:: Data supplied ::

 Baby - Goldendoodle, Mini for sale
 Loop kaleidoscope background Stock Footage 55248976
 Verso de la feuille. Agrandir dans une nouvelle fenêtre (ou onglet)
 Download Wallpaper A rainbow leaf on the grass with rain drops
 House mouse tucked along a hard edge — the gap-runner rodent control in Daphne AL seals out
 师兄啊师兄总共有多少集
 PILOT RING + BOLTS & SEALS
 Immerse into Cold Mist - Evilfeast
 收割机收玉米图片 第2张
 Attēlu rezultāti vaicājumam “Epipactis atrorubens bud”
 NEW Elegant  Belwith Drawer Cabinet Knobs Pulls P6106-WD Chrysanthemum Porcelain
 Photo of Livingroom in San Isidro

:::
:: Data supplied ::

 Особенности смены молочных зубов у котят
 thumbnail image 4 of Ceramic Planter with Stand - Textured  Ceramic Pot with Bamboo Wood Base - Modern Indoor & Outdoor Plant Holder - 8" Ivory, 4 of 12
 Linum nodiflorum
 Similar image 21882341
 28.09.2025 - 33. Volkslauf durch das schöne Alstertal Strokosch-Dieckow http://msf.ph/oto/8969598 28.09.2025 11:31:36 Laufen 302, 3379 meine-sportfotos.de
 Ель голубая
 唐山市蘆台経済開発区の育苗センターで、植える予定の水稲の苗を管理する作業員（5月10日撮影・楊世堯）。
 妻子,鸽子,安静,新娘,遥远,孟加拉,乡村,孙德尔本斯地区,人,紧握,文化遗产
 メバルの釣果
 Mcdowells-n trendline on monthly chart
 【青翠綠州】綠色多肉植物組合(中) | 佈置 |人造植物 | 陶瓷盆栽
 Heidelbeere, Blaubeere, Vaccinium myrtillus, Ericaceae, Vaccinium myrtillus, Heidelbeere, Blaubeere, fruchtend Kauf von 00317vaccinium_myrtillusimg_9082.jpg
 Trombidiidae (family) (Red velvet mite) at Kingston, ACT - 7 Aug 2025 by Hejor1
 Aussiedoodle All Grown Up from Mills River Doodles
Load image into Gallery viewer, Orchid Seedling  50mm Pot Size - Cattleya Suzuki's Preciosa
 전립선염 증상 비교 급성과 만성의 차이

:::
:: Data supplied ::

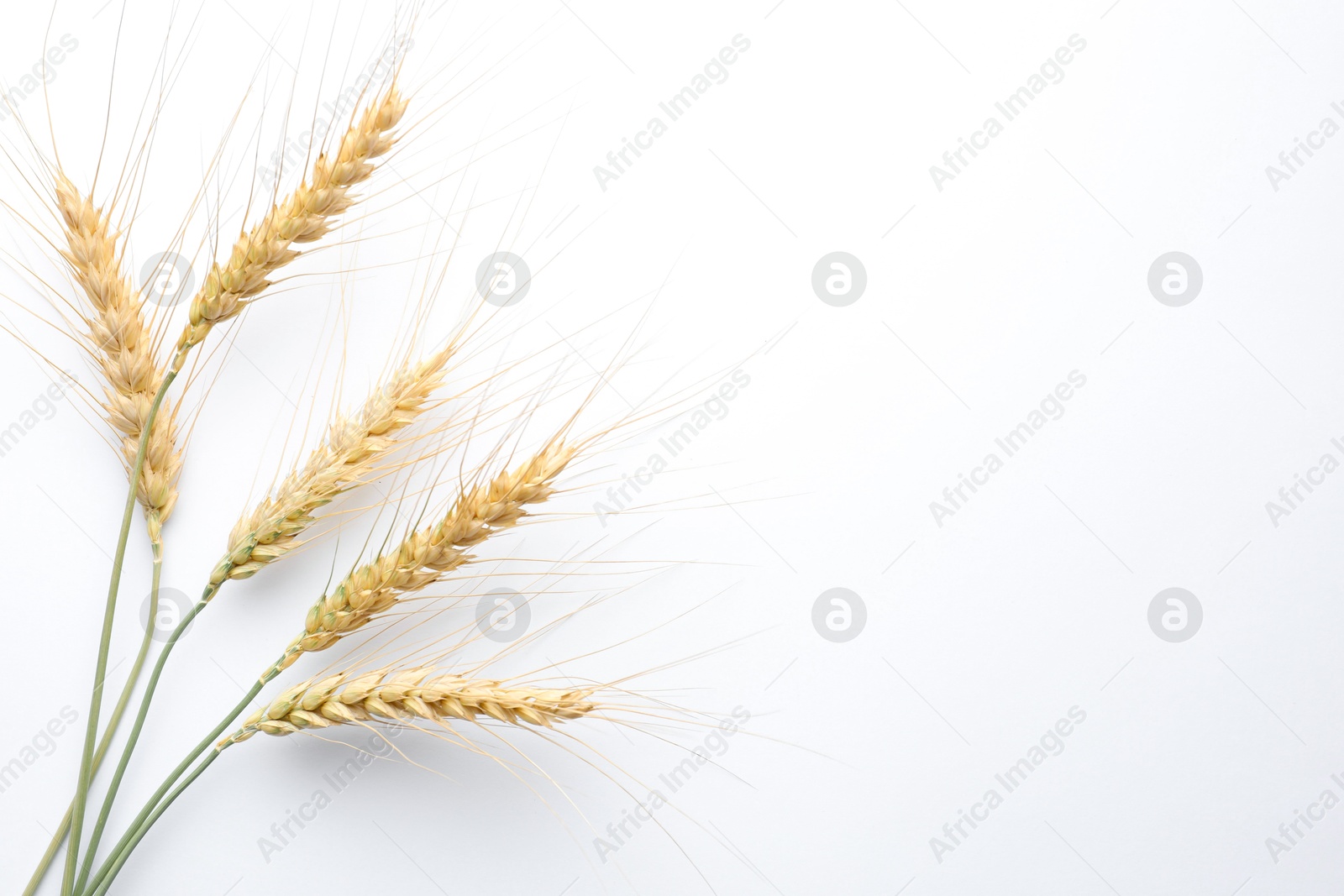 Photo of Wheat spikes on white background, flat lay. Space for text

:::

* [Task item]
One stretch of the lines above is wanted, from the line that contains "Attēlu rezultāti vaicājumam" through the line that contains "Photo of Livingroom in San Isidro". Output it exactly.

* [Answer below]
 Attēlu rezultāti vaicājumam “Epipactis atrorubens bud”
 NEW Elegant  Belwith Drawer Cabinet Knobs Pulls P6106-WD Chrysanthemum Porcelain
 Photo of Livingroom in San Isidro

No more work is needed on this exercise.